第2回定例道議会は24日午後に本会議を再開して、一般質問を続行した。鈴木直道知事は、ラピダス(東京)の千歳市進出を契機とした全道への波及効果について「道では立地効果が全道へ波及するよう、3月に策定した半導体・デジタル関連産業振興ビジョンで、『地域経済の活性化』を方針として掲げている」と指摘。全道域でのDX(デジタルトランスフォーメーション)産業の集積▽デジタル技術の社会実装による地域課題の解決促進▽観光やワーケーションの促進による地域産業への波及拡大―など、「多様な視点での取り組みを進め、本道経済全体の活性化と持続的発展につなげる」との姿勢を示した。阿知良寛美氏(公明党)の質問に答えた。
さらに阿知良氏は、道が導入を検討する法定外目的税「宿泊税」の今後のスケジュールや、庁内に「プロジェクトチームを設置すべきでは」とただした。

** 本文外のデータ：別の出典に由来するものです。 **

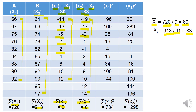In the next step we take the square of small x1 and small x2 on an individual item-wise basis. For small x1 squared: the square of minus 14 is 196; minus 13 squared is 169; minus 5 squared is 25; minus 4 squared is 16; 2 squared is 4; 4 squared is 16; 8 squared is 64; 10 squared is 100; 12 squared is 144. The summation of small x1 squared is equivalent to 734.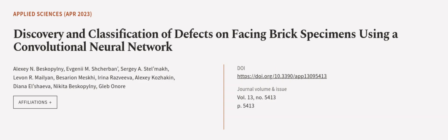This article was authored by Alexei N. Beskipilny, Yevgeny M. Sherbin, Sergei A. Stelmach, and others.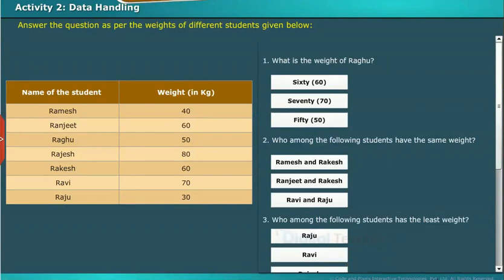Let us perform an activity on data handling. Answer the questions as per the weights of different students given below.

知事は「今定例会において道の考え方や、今後の進め方などについて議論を尽くしていきたい」と説明。「『新税の考え方』(道案)について事業者をはじめ関係の皆さんに丁寧に説明し、より多くの理解を得られるよう、関係部局や振興局と連携を図りながら進める」と答弁した。
小林千代美氏(民主・道民連合、千歳市区)も宿泊税を取り上げ、「なぜ目的税を導入するのか。今回導入する目的税の使途と、一般財源による観光振興施策との違いは何か」と迫った。
小田桐俊宏観光振興監は、道案で(1)「観光の高付加価値化」など政策目的と総合的施策(2)旅行者の受益という点で関連性が整理できる施策(3)広域自治体の役割として整理ができる施策―の三つの原則的なルールを示していると説明。「これらに該当する施策に新税を充当する考え」とし、「この新税による観光施策と、その他の観光に関する施策(一般財源)の相乗効果により『観光立国北海道』の実現を目指す」と述べた。
小林氏は、道案で非課税事項として「修学旅行その他学校行事に参加する者及びその引率者」のみとしている点を疑問視。「合宿のような長期宿泊、医療利用による宿泊、低料金の簡易宿泊施設、子どもの利用などの非課税を設けるべきでは」とただした。
小田桐観光振興監は「税は原則として公平、中立、簡素であることが求められている」と強調。道としては「この税の原則を踏まえ、宿泊目的に関わらず、宿泊者の受益という点で関連性が整理できる施策に充当するという原則的なルールを示している」とし、「税の原則である公平性の観点も踏まえ、宿泊行為に課税をすることとしている」と説明。「このため宿泊料金による免税点は設けず、課税免除は教育課程に公益性が認められる修学旅行と考えた」と理解を求めた。